- **WORK REQUIRED**: Please set down, with no changes, every line of the material below from the one containing "Even if I am" through the end. Skip the pictures.

- **SOURCE DATA**:
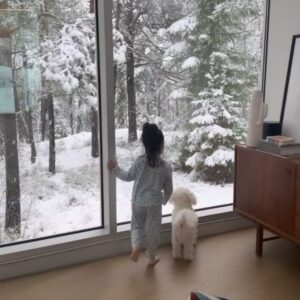 Triana Iglesias Instagram - Holiday Highlights from the slow days between Christmas and New Year’s Eve. Cocooned in the softness of what feels like never-ending snow. ❄️ 

Even if I am a Sunbeam Baby - I love the spirit of snow and Water in all its forms.

Fun fact: Newly fallen snow has this unique ability to absorb sound. It’s the trapped air within the snow that gives it that velvety and sponge-like texture. The countless tiny air pockets serve as traps for sound waves, preventing them from bouncing and reaching our ears.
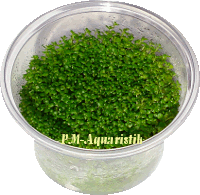 Hemianthus callitrichoides, in vitro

- **TASK SOLUTION**:
Even if I am a Sunbeam Baby - I love the spirit of snow and Water in all its forms.

Fun fact: Newly fallen snow has this unique ability to absorb sound. It’s the trapped air within the snow that gives it that velvety and sponge-like texture. The countless tiny air pockets serve as traps for sound waves, preventing them from bouncing and reaching our ears.
 Hemianthus callitrichoides, in vitro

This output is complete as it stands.